Çocukluktan büyüklüğe, hep mor bir objektiften bakan yazar, kendi eserlerinin de zaman içindeki değişimini, kendisiyle özgül bir hesaplaşma ya da iç söyleşi biçiminde sürdürüyor.

Öykülerin başında Ziya Osman Saba’dan iki dize, bizi yazarın dünyasındaki atmosfere hazırlıyor:

"Hiç olmazsa unutmamak isterdim!

Eski geceler, sevdiklerimle dolu odalar..."

Eski Bir Roman Kahramanı
öyküsünde, bir yazarın kahramanına yıllar sonra bakışının acıklı tavrını buldum. Biten sevgiler, karşılaşmalarda insanı nasıl da tedirgin eder. Soğumuş ilişkilerin ruh donduruculuğu dile getiriliyor bu öykülerde.

"Şahane Bir Tuvalet" geçmiş günlerdeki sahte bir şaşaayı anlattığı kadar, toplumsal sınıfın belirleyici ekonomik katmanlarına da değiniyor. Yalınkat bir okuyucunun, nostaljik notlar olarak saptayacağı Selim İleri’nin öyküleri, İstanbul’daki bir yaşamın tanıklıklarıdır. "Şahane Bir Tuvalet" bugünün kimi okurlarına göre görgüsüzlük belgesi, kimilerine göre de dönemin bir sınıfının yaşamının edebi tutanağıdır. Başka yazarların kitap adlarına göndermeler, onun yararlandığı kaynaklara bir saygı selámıdır.
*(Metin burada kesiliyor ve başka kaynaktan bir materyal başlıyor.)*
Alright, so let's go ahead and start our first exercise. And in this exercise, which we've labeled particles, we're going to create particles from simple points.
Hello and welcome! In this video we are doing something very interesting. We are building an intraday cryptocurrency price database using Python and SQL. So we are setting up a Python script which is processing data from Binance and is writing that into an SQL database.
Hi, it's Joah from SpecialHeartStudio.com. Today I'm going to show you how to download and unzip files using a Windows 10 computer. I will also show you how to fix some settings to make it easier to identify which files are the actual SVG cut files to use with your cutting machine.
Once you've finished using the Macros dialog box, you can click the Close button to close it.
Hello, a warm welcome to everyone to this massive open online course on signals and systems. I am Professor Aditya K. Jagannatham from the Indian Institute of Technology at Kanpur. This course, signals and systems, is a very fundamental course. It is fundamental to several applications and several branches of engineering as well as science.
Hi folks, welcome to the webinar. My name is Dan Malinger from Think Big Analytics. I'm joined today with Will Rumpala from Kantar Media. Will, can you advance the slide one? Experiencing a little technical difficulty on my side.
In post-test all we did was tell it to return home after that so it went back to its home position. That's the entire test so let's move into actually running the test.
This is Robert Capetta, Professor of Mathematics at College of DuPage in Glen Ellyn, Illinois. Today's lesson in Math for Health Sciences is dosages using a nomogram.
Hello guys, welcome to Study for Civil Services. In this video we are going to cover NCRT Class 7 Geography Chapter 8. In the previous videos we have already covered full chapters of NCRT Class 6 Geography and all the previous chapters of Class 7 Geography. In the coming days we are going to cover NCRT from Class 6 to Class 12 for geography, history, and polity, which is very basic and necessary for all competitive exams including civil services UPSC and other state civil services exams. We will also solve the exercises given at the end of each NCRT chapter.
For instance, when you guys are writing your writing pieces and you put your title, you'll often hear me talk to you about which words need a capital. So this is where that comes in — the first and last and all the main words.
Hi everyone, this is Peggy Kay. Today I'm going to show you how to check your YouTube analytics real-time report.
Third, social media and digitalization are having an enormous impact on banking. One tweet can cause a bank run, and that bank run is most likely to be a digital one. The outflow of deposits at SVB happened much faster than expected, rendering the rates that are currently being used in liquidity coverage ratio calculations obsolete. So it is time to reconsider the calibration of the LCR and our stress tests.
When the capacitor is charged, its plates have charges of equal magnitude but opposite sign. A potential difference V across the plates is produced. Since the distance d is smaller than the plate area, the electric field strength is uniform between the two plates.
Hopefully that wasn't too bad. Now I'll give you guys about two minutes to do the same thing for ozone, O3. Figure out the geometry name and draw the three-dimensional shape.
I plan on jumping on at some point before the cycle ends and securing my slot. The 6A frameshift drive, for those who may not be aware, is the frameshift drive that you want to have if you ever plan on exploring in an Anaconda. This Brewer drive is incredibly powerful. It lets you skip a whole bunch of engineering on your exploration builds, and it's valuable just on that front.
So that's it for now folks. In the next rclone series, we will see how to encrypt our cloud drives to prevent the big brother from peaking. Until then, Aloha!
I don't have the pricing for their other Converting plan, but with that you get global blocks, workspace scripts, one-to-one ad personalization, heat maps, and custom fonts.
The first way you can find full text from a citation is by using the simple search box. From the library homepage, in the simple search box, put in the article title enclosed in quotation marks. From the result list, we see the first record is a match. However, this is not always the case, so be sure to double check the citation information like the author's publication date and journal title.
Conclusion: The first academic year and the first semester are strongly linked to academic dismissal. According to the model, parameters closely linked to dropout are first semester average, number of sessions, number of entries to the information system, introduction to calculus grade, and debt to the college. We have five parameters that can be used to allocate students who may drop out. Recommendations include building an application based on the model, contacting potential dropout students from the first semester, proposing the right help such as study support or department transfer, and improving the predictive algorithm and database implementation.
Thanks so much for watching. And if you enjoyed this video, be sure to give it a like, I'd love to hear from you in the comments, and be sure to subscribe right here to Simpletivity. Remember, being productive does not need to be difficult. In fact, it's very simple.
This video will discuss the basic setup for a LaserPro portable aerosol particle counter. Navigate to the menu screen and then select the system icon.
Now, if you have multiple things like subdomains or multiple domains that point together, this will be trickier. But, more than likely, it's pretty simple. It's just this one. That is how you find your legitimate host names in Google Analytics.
Aynı zamanda, o kitaplardan esinlenerek nasıl bir eser ortaya çıkarıldığının da atölye notlarıdır.

Hayat Sönüp Giderken, bir Selim İleri klasiği olacak kıratta bir edebiyat çalışması. Eski ile yeni arasındaki valsin, görselliğin edebiyattaki yankısının menevişlerini yansıtıyor.

Perisiz Evler’de; hepimizin ortak bir unutuş isteğini özetliyor: "Fotoğrafları sevmem. Hayalinizi çalar; zamanı, insanı ve mekánı dondurur. Size yalan söyler. Duruk görüntü size geçmiş zamanı, sönmüş bir anı geri getirmişçesine yalan söyler. O an geri gelmez, asla. Fotoğraflar merhametsizdir. Fotoğrafsız yaşadığımı söyleyebilirim. Pek çok fotoğrafı yırttım attım."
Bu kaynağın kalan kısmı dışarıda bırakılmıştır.